A handful of years ago I worked as a visit coordinator and admissions counselor for a small New York City college, a job that had several very satisfying aspects. One part I especially loved was the team dynamic. While the position involved a challenging individual workload that allowed me space to sometimes fly solo, it also required me to operate as a member of a group, working together with five men and one woman to reach our shared goals. My time in that office taught me so much about compromise, reasonable expectations, speaking up, listening quietly, adapting to differences, embracing a solution-oriented mindset, among other things.
Our team leader was a solid dude, and incredibly gifted at navigating our ship and guiding us through difficult challenges. He would regularly schedule daylong retreats at various spots in the City, caving out time to not only evaluate our progress and strategize about our future endeavors, but also to have fun and enjoy each other. A couple of admirably goofy guys in the group helped us all to lighten up and laugh a lot.

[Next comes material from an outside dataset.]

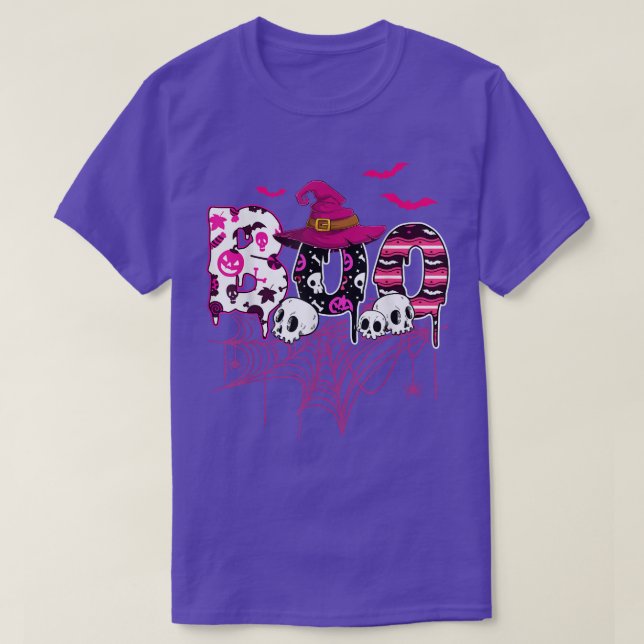 T-shirt Halloween Ghost Boo Witch Hat Scare Away Breast Ca (Design devant)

At one of our first bonding experiences my boss asked a poignant question: “What kind of person do you want to be in five years?” The answers were pretty standard, but for some reason one reply was imprinted with crystal clarity on my mind and heart. The words were from a dear colleague my age—a hilarious Brit who has this brilliant way of really seeing and loving people right where they are, no matter how messy or immaculate that spot may be. He responded to the question boldly, sharing that he wanted to be like a bucket continually filled with God’s love and that whenever he encountered someone, he wanted that love to splash out all over them. The mental image struck me.
I reflect today, a day almost exactly five years after that question left my boss’s mouth. Though I no longer see my friend and former colleague on a daily basis, I am almost certain that he has grown more and more into the vision that he expressed so many moons back. Having adopted his desire that day, I hope I have made progress too.
What kind of person do you want to be in five years?